I seek leave to make an explanation before asking the Minister for State/Local Government Relations a question on the subject of the Boundary Adjustment Facilitation Panel.
The Hon. J.M.A. LENSINK: On 29 November last year I asked the then minister for state/local government relations, the Hon. Russell Wortley, a question about the local government Boundary Adjustment Facilitation Panel, following a submission by a small number of electors to transfer the hundreds of Mangalo and Heggaton from the District Council of Franklin Harbour to the District Council of Cleve, which was expected to report in early 2013. I said:
The proposal, if successful, will result in all the assets, revenues and grants which relate to that area being transferred to the District Council of Cleve.
The panel's proposal appears to be predicated on only one of the 13 requirements of section 26 of the Local Government Act for boundary change, namely, paragraph (c)(vii)—Communities of Interest, and there has been little, if any, consideration of the impact of the proposal on the sustainability and capacity of the remainder of the District Council of Franklin Harbour and its community.
The panel, on the advice of the Crown Solicitor, has declined to address the financial and community ramifications to the whole community of both councils, including the levels of compensation which might need to be paid between the councils. In fact, the Crown Solicitor has stated there is no capacity under the act to require compensation, other than amounts agreed between the parties, which will be a significant loss of revenues and assets to Franklin Harbour.
I sought an assurance from the minister that all affected parties would be fully consulted, and that there would only be a gazettal following a full and comprehensive study on the impacts, particularly the issue of compensation. My question to the minister is: can she provide any information in relation to this matter?
The Hon. G.E. GAGO (Minister for Agriculture, Food and Fisheries, Minister for Forests, Minister for Regional Development, Minister for the Status of Women, Minister for State/Local Government Relations) (14:32): I thank the honourable member for her most important question. The basis of her question is really a very good premise on which to base a good argument for the further need for amalgamations of some of our councils here in South Australia. We have 68 councils, with something like 20-odd in the metropolitan area. Eyre Peninsula has—I have forgotten—eight or nine councils in the one area. We have large numbers of very small councils still. Some are so small they are really not financially viable.

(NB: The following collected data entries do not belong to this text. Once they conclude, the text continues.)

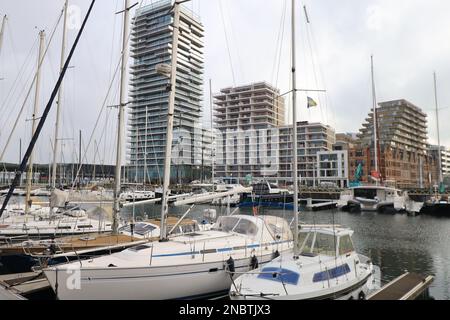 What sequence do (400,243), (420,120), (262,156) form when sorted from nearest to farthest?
(400,243) < (262,156) < (420,120)

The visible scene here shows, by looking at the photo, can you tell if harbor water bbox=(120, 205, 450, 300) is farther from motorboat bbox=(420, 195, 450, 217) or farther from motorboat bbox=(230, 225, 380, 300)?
motorboat bbox=(420, 195, 450, 217)

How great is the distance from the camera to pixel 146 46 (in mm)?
161250

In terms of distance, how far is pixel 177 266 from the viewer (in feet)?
37.1

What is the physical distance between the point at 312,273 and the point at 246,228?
491 centimetres

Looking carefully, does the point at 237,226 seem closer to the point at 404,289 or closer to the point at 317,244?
the point at 317,244

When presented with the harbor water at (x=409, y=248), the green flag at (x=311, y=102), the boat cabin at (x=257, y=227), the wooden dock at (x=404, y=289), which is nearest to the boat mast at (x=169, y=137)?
the boat cabin at (x=257, y=227)

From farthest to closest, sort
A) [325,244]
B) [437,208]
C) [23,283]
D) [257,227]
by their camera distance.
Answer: [437,208] → [257,227] → [325,244] → [23,283]

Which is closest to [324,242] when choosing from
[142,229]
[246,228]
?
[246,228]

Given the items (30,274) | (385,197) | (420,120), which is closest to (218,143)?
(385,197)

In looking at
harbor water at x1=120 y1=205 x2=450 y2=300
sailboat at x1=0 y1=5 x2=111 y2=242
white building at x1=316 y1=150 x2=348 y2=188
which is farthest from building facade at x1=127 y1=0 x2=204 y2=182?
sailboat at x1=0 y1=5 x2=111 y2=242

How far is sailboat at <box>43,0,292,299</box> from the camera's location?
10.2 metres

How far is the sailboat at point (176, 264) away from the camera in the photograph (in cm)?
1024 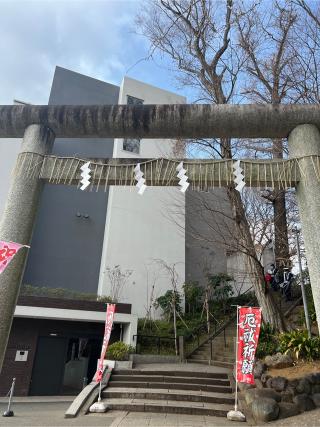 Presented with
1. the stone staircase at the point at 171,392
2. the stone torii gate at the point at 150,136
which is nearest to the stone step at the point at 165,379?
the stone staircase at the point at 171,392

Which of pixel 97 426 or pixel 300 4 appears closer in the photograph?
pixel 97 426

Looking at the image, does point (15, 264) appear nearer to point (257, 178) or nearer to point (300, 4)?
point (257, 178)

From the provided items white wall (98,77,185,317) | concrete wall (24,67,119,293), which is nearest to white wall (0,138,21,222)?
concrete wall (24,67,119,293)

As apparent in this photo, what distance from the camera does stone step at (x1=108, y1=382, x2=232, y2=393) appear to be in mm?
10305

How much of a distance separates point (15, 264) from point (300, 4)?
12.3 meters

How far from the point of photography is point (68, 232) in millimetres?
18062

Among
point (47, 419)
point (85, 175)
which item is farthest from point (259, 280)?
point (85, 175)

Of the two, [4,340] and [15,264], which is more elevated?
[15,264]

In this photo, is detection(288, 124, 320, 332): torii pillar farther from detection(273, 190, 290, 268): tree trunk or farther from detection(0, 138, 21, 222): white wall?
detection(0, 138, 21, 222): white wall

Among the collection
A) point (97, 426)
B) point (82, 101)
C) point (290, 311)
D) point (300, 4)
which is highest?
point (82, 101)

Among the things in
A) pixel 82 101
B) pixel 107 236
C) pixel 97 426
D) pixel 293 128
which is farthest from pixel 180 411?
pixel 82 101

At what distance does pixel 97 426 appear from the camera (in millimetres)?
7551

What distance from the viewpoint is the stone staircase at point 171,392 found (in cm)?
908

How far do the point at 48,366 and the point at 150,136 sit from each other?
12.6 m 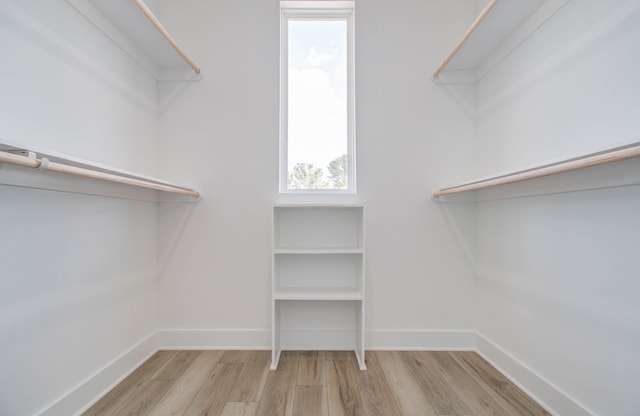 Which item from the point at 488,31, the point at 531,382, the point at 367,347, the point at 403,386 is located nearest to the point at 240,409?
the point at 403,386

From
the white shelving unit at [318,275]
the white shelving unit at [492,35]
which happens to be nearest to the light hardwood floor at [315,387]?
the white shelving unit at [318,275]

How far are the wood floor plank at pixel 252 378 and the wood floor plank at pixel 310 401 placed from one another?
7.8 inches

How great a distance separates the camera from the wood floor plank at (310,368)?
1678mm

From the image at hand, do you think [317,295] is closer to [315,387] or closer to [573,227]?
[315,387]

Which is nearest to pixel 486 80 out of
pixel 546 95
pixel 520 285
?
pixel 546 95

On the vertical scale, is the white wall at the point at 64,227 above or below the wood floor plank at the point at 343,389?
above

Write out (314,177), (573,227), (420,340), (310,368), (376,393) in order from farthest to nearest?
(314,177) < (420,340) < (310,368) < (376,393) < (573,227)

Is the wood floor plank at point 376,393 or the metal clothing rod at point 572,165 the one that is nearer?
the metal clothing rod at point 572,165

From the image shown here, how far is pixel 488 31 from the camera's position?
1.67 metres

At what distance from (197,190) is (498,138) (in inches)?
78.7

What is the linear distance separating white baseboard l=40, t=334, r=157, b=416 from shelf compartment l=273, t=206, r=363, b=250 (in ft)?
3.61

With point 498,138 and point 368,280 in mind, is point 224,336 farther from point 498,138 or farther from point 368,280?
point 498,138

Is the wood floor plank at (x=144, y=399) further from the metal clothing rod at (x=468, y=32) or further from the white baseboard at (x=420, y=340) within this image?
the metal clothing rod at (x=468, y=32)

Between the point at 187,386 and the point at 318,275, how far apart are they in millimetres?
984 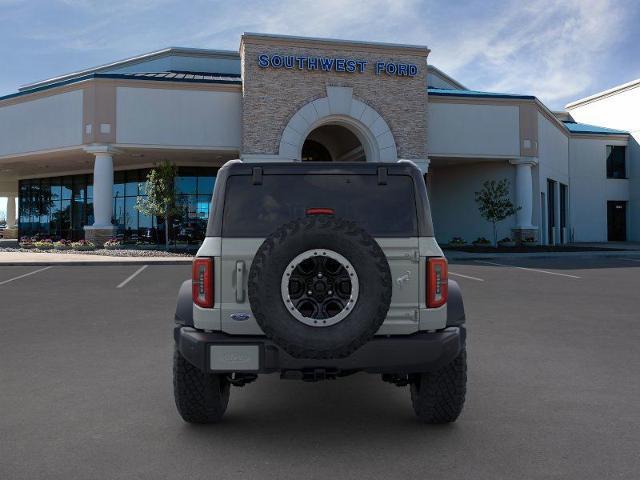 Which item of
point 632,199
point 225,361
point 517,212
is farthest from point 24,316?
point 632,199

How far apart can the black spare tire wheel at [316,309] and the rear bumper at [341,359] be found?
0.46ft

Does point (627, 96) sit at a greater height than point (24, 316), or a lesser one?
greater

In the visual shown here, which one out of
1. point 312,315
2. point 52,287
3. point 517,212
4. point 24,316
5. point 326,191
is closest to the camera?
point 312,315

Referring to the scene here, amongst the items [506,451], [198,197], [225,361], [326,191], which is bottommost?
[506,451]

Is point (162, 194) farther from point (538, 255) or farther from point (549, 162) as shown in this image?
point (549, 162)

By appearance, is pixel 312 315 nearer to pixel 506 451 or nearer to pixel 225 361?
pixel 225 361

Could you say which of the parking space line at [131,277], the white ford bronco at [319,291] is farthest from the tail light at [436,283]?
the parking space line at [131,277]

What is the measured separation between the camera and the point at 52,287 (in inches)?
513

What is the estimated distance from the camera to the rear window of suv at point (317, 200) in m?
3.89

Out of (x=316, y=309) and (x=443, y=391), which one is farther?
(x=443, y=391)

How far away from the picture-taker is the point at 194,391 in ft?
13.0

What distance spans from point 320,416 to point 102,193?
25.5 metres

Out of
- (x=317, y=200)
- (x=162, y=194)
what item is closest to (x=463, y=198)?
(x=162, y=194)

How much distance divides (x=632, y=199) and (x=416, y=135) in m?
22.8
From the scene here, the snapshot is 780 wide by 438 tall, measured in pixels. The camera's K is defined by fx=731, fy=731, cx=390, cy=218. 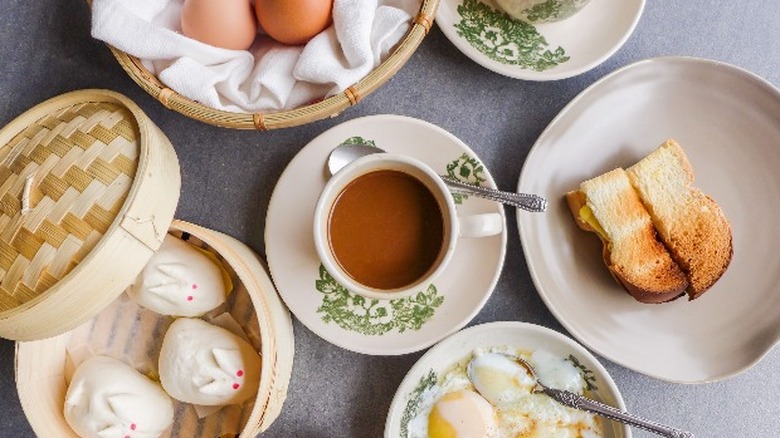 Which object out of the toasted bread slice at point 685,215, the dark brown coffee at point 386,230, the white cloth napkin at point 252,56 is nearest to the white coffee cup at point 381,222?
the dark brown coffee at point 386,230

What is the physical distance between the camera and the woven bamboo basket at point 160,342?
84cm

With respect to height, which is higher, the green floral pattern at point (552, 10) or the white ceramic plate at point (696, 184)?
the green floral pattern at point (552, 10)

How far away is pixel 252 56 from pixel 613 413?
0.61 metres

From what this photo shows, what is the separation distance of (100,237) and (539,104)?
1.86ft

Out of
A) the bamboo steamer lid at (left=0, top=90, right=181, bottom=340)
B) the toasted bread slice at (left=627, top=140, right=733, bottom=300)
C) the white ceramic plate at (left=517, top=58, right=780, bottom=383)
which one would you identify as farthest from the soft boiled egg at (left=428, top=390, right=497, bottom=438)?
the bamboo steamer lid at (left=0, top=90, right=181, bottom=340)

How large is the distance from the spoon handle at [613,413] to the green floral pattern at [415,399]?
154 mm

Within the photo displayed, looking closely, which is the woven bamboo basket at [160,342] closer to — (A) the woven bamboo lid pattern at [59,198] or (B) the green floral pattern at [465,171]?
(A) the woven bamboo lid pattern at [59,198]

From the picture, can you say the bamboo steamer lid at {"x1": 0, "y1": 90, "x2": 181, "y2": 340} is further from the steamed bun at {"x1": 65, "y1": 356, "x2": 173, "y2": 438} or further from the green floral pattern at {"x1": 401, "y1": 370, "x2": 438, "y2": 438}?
the green floral pattern at {"x1": 401, "y1": 370, "x2": 438, "y2": 438}

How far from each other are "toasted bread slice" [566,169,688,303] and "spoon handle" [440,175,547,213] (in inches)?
2.5

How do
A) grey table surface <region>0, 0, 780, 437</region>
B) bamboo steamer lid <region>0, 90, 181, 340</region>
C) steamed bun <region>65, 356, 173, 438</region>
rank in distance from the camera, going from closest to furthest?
bamboo steamer lid <region>0, 90, 181, 340</region> → steamed bun <region>65, 356, 173, 438</region> → grey table surface <region>0, 0, 780, 437</region>

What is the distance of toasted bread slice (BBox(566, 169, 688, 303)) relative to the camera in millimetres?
892

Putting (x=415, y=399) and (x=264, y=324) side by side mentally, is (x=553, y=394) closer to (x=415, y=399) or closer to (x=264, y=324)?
(x=415, y=399)

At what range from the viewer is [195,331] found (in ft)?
2.86

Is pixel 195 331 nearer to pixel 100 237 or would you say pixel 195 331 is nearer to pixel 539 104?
pixel 100 237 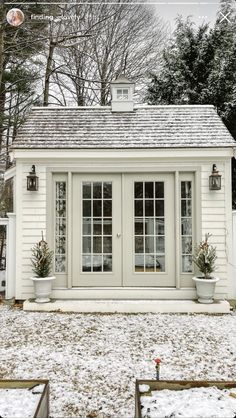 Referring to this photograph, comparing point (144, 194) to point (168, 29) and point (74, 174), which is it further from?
point (168, 29)

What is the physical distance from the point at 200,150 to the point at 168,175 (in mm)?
670

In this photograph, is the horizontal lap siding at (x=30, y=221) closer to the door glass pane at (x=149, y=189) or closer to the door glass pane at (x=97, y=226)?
the door glass pane at (x=97, y=226)

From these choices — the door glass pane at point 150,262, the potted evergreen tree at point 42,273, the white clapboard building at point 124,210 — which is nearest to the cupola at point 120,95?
the white clapboard building at point 124,210

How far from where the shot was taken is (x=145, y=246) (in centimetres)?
607

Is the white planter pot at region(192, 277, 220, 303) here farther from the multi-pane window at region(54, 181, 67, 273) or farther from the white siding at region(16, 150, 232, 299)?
the multi-pane window at region(54, 181, 67, 273)

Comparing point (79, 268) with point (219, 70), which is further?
→ point (219, 70)

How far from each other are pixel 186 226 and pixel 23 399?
13.8 feet

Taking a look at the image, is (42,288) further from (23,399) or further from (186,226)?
(23,399)

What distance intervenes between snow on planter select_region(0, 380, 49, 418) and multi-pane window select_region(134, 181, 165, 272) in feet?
11.9

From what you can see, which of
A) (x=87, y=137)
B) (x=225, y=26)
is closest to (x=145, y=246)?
(x=87, y=137)

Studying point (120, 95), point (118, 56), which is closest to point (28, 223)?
point (120, 95)

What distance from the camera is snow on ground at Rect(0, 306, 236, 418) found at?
9.89 feet

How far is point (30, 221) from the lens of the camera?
19.8ft

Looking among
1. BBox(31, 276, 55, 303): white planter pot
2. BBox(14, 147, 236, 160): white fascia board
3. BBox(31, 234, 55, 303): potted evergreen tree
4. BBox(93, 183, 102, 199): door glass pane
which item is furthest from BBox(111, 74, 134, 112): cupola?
BBox(31, 276, 55, 303): white planter pot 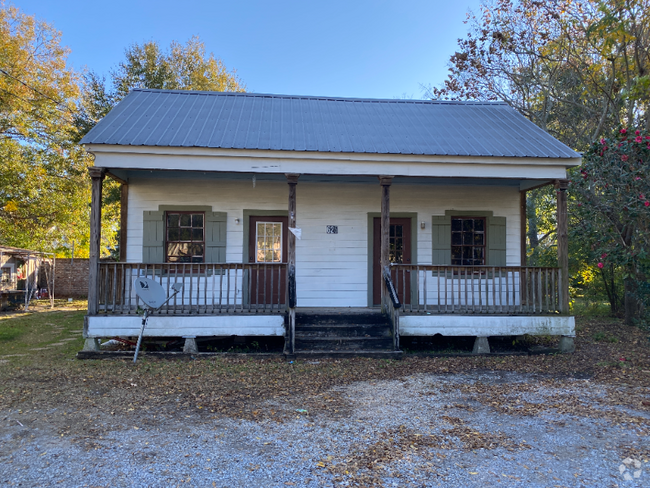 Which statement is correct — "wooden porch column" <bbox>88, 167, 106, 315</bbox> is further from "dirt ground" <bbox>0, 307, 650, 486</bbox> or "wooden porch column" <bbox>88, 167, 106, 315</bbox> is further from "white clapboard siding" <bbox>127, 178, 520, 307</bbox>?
"white clapboard siding" <bbox>127, 178, 520, 307</bbox>

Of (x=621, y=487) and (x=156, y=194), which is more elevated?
(x=156, y=194)

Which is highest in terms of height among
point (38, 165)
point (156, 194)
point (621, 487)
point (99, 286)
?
point (38, 165)

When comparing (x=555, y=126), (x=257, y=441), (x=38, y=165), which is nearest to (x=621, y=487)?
(x=257, y=441)

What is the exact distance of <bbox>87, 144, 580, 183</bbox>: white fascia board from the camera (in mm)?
7250

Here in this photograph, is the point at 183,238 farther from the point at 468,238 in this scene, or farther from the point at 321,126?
the point at 468,238

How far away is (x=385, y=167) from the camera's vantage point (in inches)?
303

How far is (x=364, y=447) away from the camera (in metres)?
3.88

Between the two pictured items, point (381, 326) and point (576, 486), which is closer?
point (576, 486)

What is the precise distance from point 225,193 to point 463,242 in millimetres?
4994

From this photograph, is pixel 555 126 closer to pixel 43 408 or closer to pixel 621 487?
pixel 621 487

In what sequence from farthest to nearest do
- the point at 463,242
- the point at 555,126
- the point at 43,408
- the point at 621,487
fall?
the point at 555,126 → the point at 463,242 → the point at 43,408 → the point at 621,487

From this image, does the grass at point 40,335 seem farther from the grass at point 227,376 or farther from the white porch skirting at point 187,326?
the white porch skirting at point 187,326

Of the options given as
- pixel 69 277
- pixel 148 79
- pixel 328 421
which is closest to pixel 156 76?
pixel 148 79

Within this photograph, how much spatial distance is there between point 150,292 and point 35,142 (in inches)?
628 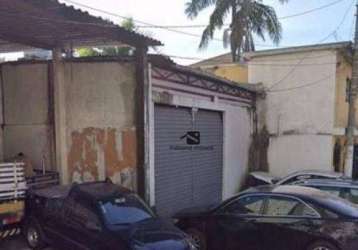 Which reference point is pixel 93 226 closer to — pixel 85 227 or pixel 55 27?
pixel 85 227

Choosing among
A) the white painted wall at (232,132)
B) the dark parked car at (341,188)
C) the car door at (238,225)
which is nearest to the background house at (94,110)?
the white painted wall at (232,132)

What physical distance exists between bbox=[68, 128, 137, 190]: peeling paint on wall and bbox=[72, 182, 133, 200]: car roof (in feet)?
7.67

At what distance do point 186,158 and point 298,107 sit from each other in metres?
6.85

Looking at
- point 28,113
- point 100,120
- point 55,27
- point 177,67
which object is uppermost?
point 55,27

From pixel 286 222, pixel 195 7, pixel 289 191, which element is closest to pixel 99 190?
pixel 286 222

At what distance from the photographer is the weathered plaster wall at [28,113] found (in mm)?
10688

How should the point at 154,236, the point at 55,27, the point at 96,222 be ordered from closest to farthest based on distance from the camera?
the point at 154,236, the point at 96,222, the point at 55,27

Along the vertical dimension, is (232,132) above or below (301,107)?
below

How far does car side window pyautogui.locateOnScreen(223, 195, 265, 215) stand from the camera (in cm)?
777

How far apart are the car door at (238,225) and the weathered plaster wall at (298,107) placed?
33.1 feet

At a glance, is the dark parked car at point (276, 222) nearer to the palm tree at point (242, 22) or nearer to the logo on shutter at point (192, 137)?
the logo on shutter at point (192, 137)

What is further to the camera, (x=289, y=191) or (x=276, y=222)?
(x=289, y=191)

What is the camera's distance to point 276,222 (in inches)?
292

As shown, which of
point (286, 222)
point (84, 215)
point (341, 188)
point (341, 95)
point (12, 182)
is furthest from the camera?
point (341, 95)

We have examples of where groups of ratepayers want to shift their alliance with a particular council because they do not believe they are getting good value from the council with which they are currently associated, but to move would mean even further adverse financial implications for that council. It is outrageous! Some of these councils should take a good hard look at themselves and look to amalgamating and improving efficiencies throughout particularly our regions, but the metropolitan region is just as bad.
Our policy position is one of voluntary amalgamation, so all I can do is encourage councils, whenever I get the opportunity, to rethink and closely look at the opportunity and benefits from amalgamating. In terms of the particular example that the honourable member has raised, as I was just talking in general terms, obviously the Local Government Act has established this independent body, the Boundary Adjustment Facilitation Panel, to investigate and make recommendations on proposals for council boundary changes.
The act sets out the process that the panel has to undertake in the way it receives submissions and suchlike. It gives no power to me as minister to actually influence the operations of the panel during its deliberations about the boundary changes. My involvement under the act requires me, on receipt of the panel's report on a public-initiated submission, to either accept the report or refer the report back to the panel with a request to consider the matters and to take such steps as I might specify.
The panel has issued a set of guidelines to assist both councils and also electors in the development of the preparation of submissions for the review of the panel. The proposals for boundary adjustments may be made by either council electors or jointly by affected councils. A submission to change the boundaries in an area can be made by a group of 20 or more electors. The submissions must first be made to the affected councils.
If supported, the councils then may make a joint proposal to the council. If either of the councils informs the electors that the submission is not supported, then electors may then submit a proposal to the panel directly for consideration. If the panel believes that the proposal has merit, it investigates the matter and consults with affected stakeholders. A report is then prepared for my consideration.
In relation to the Franklin Harbour-Cleve proposal, a group of eligible electors from the District Council of Franklin Harbour made a submission to the panel seeking to have the council boundary adjusted to excise a portion of the District Council of Franklin Harbour and include it in the District Council of Cleve. The proposal for the boundary change was released for public consultation, I am advised, until 24 December 2012. I am advised that the panel met on 21 February 2013 to consider the responses received during the community consultation period, and I understand there are still a number of steps for the panel to go through, including further consultation with the affected councils, before a report is then prepared for my consideration, and I await the outcome of that report.
While I am on my feet, if I could just clarify for the record in relation to the forestry advisory board that the requirement is for six meetings per year.